In either case a great injury is done to the Church, and gross scandals have been the result of such transactions, perilous alike to the clergyman, the parishioners, and to the owner of the Advowson.

To obviate these spiritual dangers, it is well known that "a Bill," dealing with the sale of livings, was brought before the House of Lords some years ago by the Bishop of Peterborough, but it fell to the ground owing to the jealousy it excited amongst the Peers, who are nearly all largely interested in Church Patronage.

Doubtless, had "the Bill" been allowed to become a law, incalculable good would have been done.

If for the present the sale of next Presentations is to be retained, in order to reduce the evil to a minimum let such sale be transacted openly, and the purchasers thereof, as well as those for whom such purchases are made, will be placed above suspicion. It may be stated, without fear of contradiction, that all Priests, no matter how desirous they may be of obtaining Preferment, are, if truly conscientious, completely barred by the oath against simony from buying a living; whilst the same oath affords no barrier against the admission of unworthy clerics, who interpret it in what they are pleased to call a non-natural sense, and enables them to effect a purchase of a next Presentation through their family lawyer, or

by means of one of those clerical agents whose existence and vocation are a disgrace to a Branch of the Church of Christ.
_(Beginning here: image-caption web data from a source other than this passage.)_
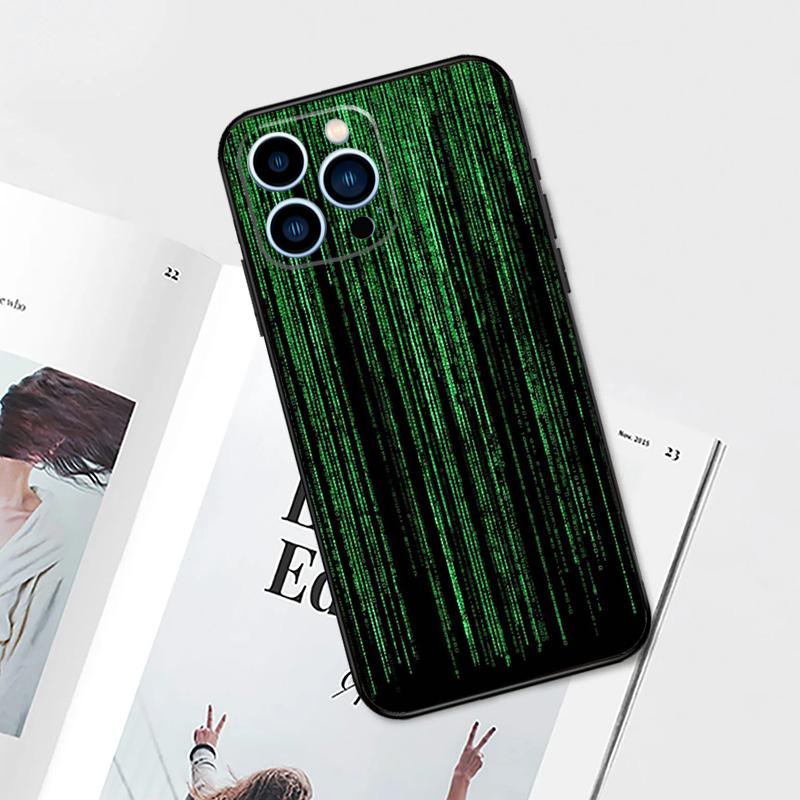 Matrix Case For iPhone 14 13 12 11 15 16 Pro Max Plus XS Max X XR 7 8 Plus 13 12 Mini Phone Cover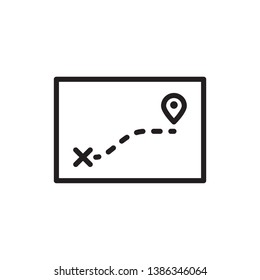 map icon vector line style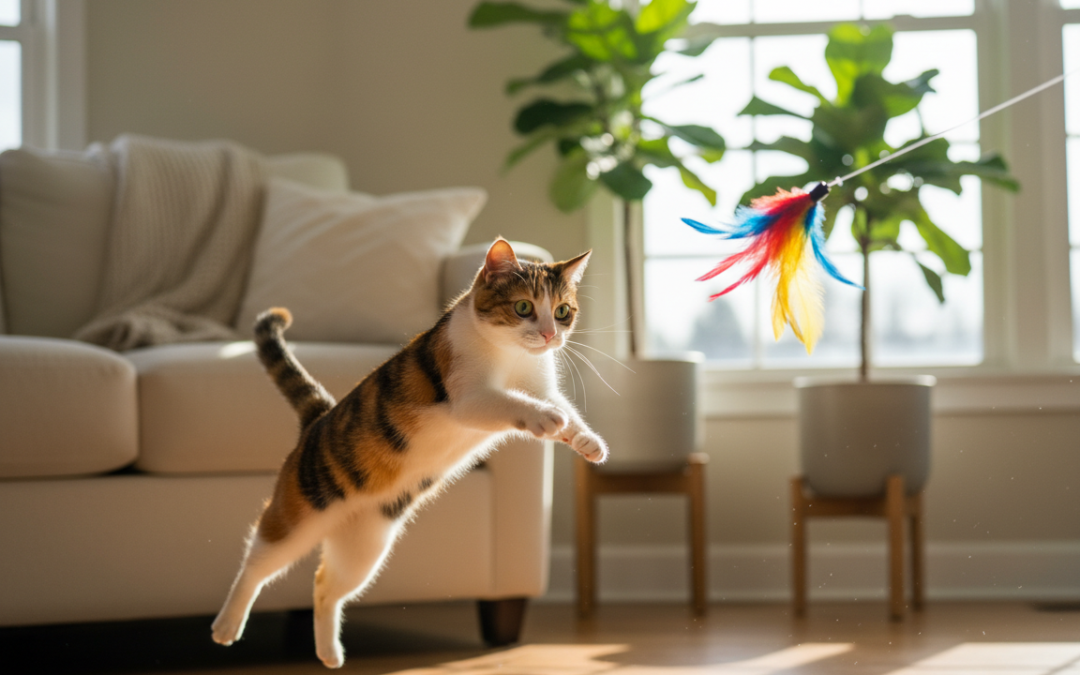 Potreba mačke po gibanju – Vse, kar moraš vedeti o tem!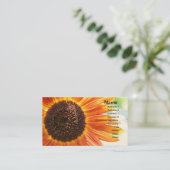 Carte De Visite Tournesol jaune de floraison (Debout devant)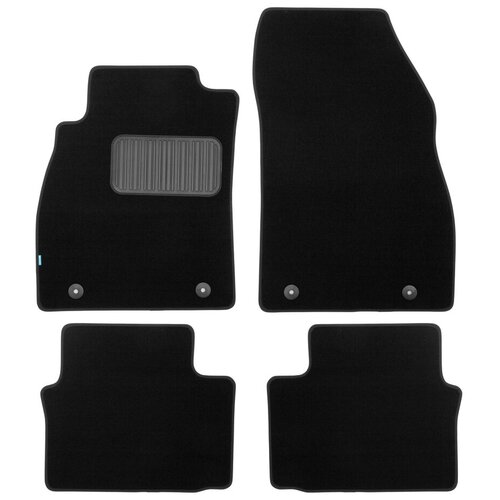 фото Klever коврики в салон klever premium opel insignia 2008-&gt;, сед., ун., хб., 4 шт. (текстиль)
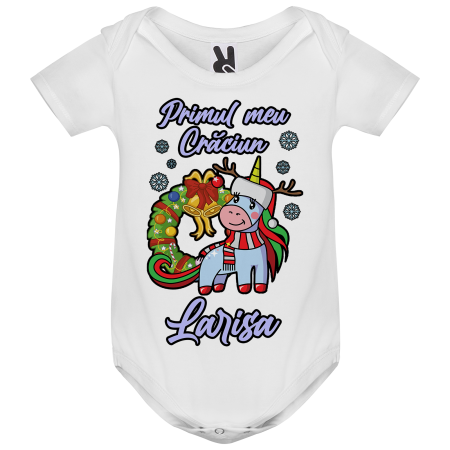 Set 3 tricouri Primul meu Craciun cu Unicorn [1]
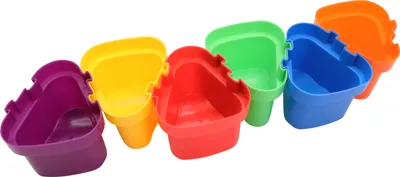 Produktbild von EDUPLAY 370035 Becher zum Zusammenstecken 6er Set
The Sale of next Presentations has not one redeeming feature as the matter now stands. The oath against simony prevents any honest man from having any part or lot in the matter, while it produces no effect upon him who seeks the Priest's office for a piece of bread.
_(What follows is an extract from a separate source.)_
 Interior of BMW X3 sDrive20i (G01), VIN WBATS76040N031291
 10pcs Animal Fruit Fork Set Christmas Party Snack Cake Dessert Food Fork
Abolish therefore once and for all the oath against that which is falsely called simony, but abolish above all the rights to sell "next Presentations," and then the Church will no more be a witness of the terrible scandals which have taken place, viz., of benefices with a cure of souls put up to auction recommended to some clerical purchaser, not on account of the priceless opportunity before him of spiritually benefitting under God those souls committed to the Priest's charge, but recommended and purchased on account of its worldly advantages, good society, nearness to a trout stream and railway station, with premises attached containing lawn tennis ground, good stabling, and the usual accessories of a gentleman's country residence.

Again there is to my mind a grave fault committed in the exercise of ecclesiastical patronage when a benefice is vacant, in the question being on all occasions asked, how about private means? as if the possession of this world's goods was the primary recommendation in behalf of a Presentee to a living. I am not so ignorant as not to be aware of the great advantage it is oftentimes to a parish to be placed in charge of a Priest who has an independent fortune, nor am I forgetful of the difficult position of some parishes, owing to the poverty of their Incumbents, the material portion of Church work therein being seriously crippled through want of means. But it is one thing to exercise judicious rules in the method of appointing Priests to places of Preferment, taking into consideration the monetary question, it is quite another to suffer every good reason for bestowing a living upon an individual Priest to be swamped on the ground he is a poor man! What the Church requires is, that the people should be taught systematically the duty of Almsgiving, being second to that of prayer, and if wealthy clergy undertook the charge of poor parishes, and those whom God has not seen fit to bless with private fortune were placed in charge of town parishes, the laity in the towns would be constrained to come forward in supporting their clergy, and if educated from their earliest years that it was their duty thus to act, I do not think we should find them backward in affording necessary help.